═════ Data under study

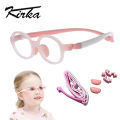 Kirka Optical Children Glasses Frames TR90 Flexible Kids Silicone Glasses Baby Eyeglass Kids Rubber Glasses Pink Unisex. 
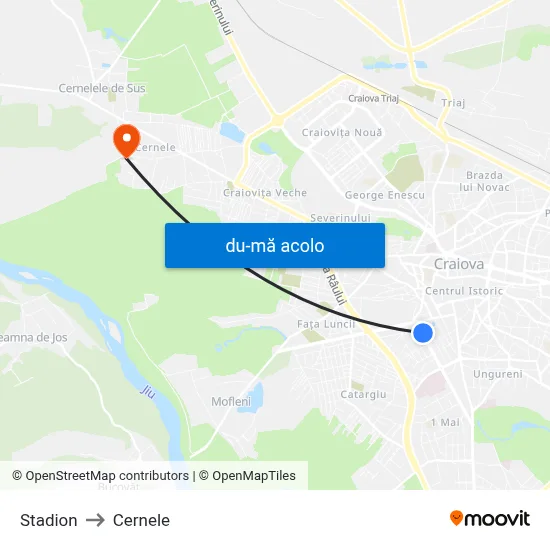 Harta de Stadion către Cernele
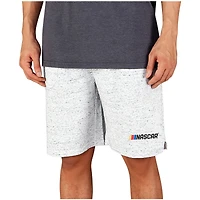 Men's Concepts Sport White/Charcoal NASCAR Throttle Knit Jam Shorts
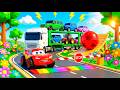 Flatbed Truck McQueen | Transportation with Truck - Pothole vs Car #part1 | BeamNG.Drive Gameplay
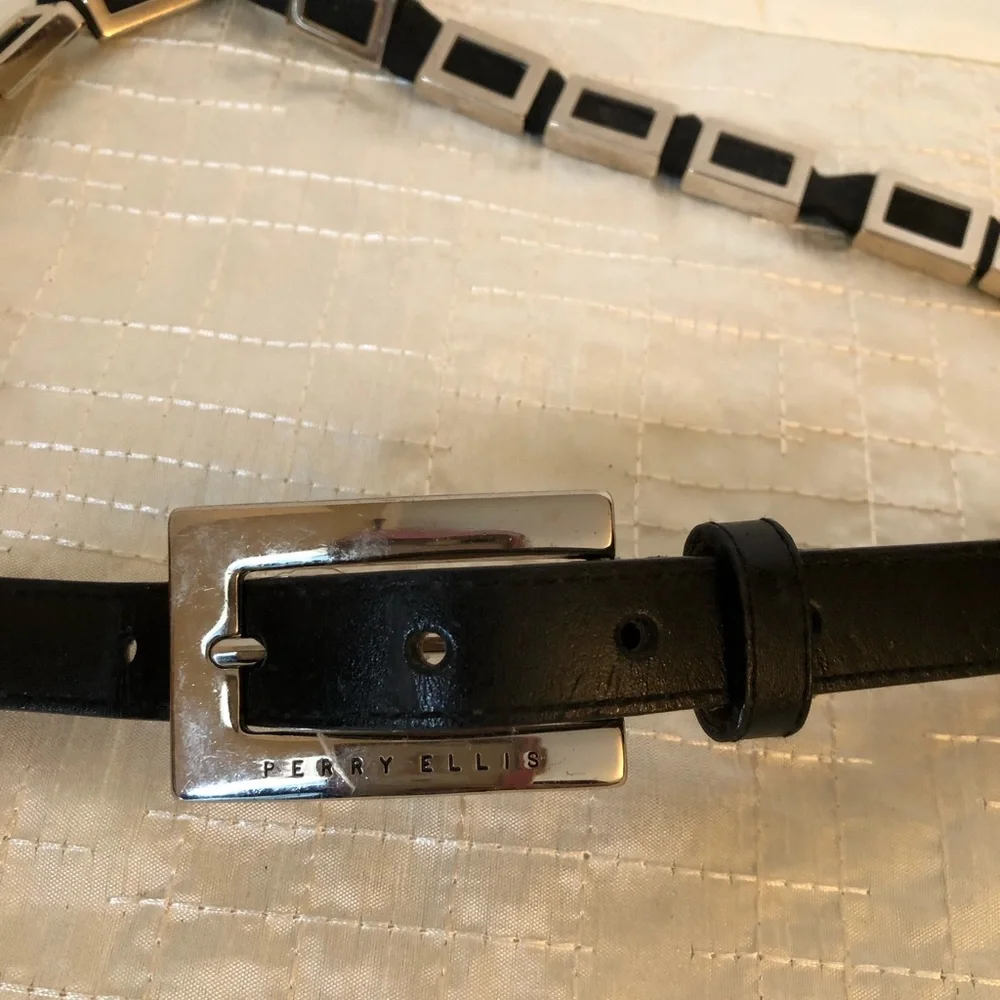 Perry Ellis Black Leather Belt with Silver Buckle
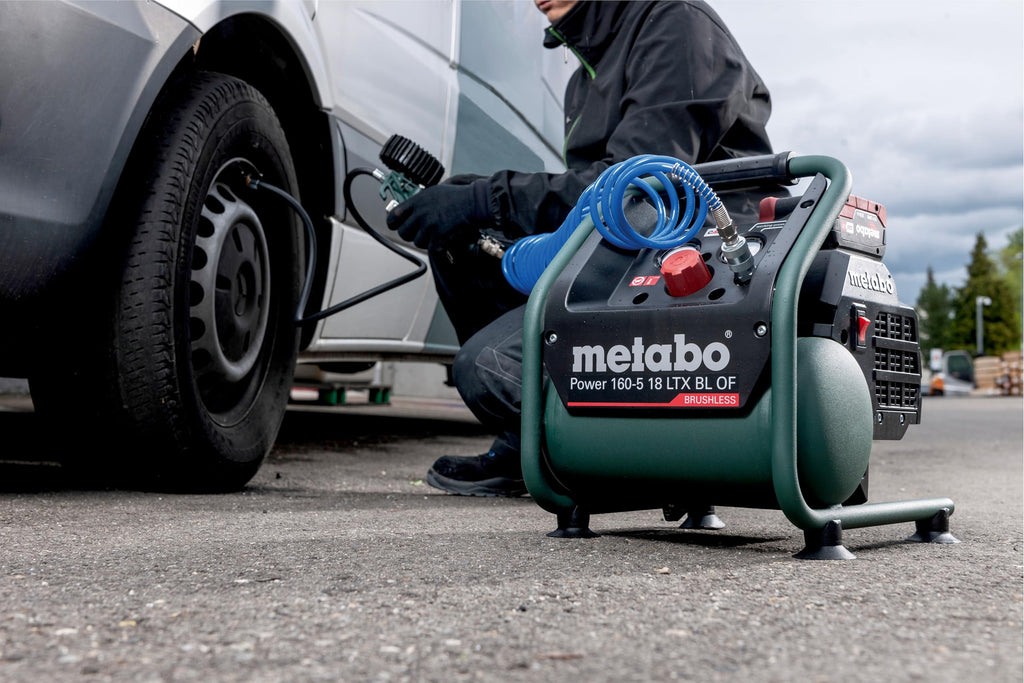 Metabo Akku-Kompressor Power 160-5 18 LTX BL OF – 601521850 – 18 V – Kompressor mit Brushless-Motor – Ohne Akku und Ladegerät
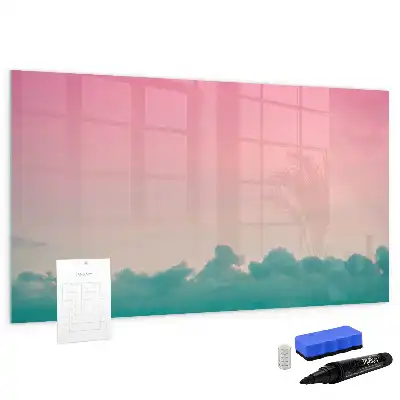 Magnetisch glazen schrijfbord voor notities en foto's in de kleur geleidelijke lucht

══════════

Task goal >>
Could you output all the entries above exactly as written, leaving out the pictures?

Solution for this problem >>
 Kirka Optical Children Glasses Frames TR90 Flexible Kids Silicone Glasses Baby Eyeglass Kids Rubber Glasses Pink Unisex. 
 Harta de Stadion către Cernele
 Men's Concepts Sport White/Charcoal NASCAR Throttle Knit Jam Shorts
 Flatbed Truck McQueen | Transportation with Truck - Pothole vs Car #part1 | BeamNG.Drive Gameplay
 Perry Ellis Black Leather Belt with Silver Buckle
 Metabo Akku-Kompressor Power 160-5 18 LTX BL OF – 601521850 – 18 V – Kompressor mit Brushless-Motor – Ohne Akku und Ladegerät
 Magnetisch glazen schrijfbord voor notities en foto's in de kleur geleidelijke lucht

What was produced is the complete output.